The Port of Boulogne Calais said it showed i resilience in a 2019 marked by Brexit uncertainty and industrial action by customs officers in the spring.

Despite Brexit uncertainty and a customs officer strike in Spring traffic at Calais held up well at 1 813 067 units (down 4.6%), just 90 000 fewer HGVs thanin  2018 and retaining the port’s 46% market share.  The Channel market as a whole experienced an overall decline in freight of 5%, it pointed out.

The port’s intermodal terminal saw an increase in unaccompanied trailer traffic, at 42 483 units, up 11.2% over the year. In October, a new record was set, with 4,962 units handled.

This growth was supported by the ramp-up of ‘rolling motorway’ train services by the French Railways’ logistics arm VIIA, which is now operating daily services to and from Le Boulou on the Spanish-French border and Orbassano near Turin in Italy, and Mâcon in central France.
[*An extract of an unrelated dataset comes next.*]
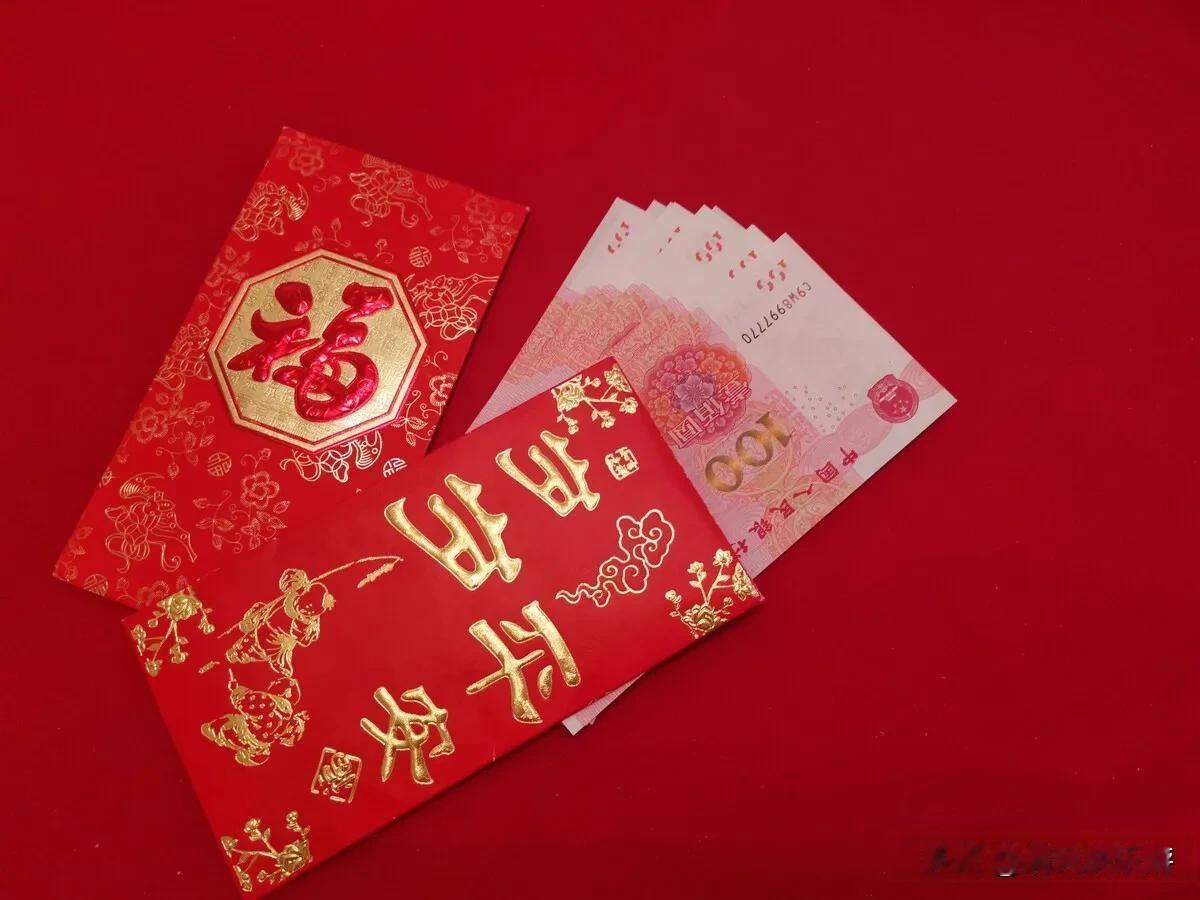 今天初五这年就算过完了。晚上算了一下，这个年全部开销共花费6200元，当时花的时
A 50 000-trailer target was only narrowly missed s due to bad weather in August and October, preventing the rail operator from operating at full capacity for several weeks, compounded by the social action throughout December, which brought rail traffic to a standstill. Despite these events, the rail operator almost doubled the number of trailers transported.

The launch of P&O Ferries’ new Calais – Tilbury service at the end of September also helped to boost traffic.

General cargo at Boulogne-sur-Mer and Calais was up slightly, despite a lack of traffic at the sugar terminal. Main commodities were materials destined for the port extension site, petroleum coke and cables.

Meanwhile, Port Boulogne Calais invested €6 million to improve at the port. Work on Calais’ new ro ro berths will continue in 2020.

President and chief executive Jean-Marc Puissesseau, commented: “The commissioning of the new port in the first quarter of 2021 and arrival in 2022 of next-generation, larger-capacity vessels will strengthen our position as the cross-Channel leader. Moreover, the development of unaccompanied trailer traffic combined with the important maritime and rail services offered from the port of Calais now put us on the map of European intermodal hubs.”

The port would continue to pursue its target of 100 000 trailers transshipped from rail or road onto the Calais-Tilbury route, he added.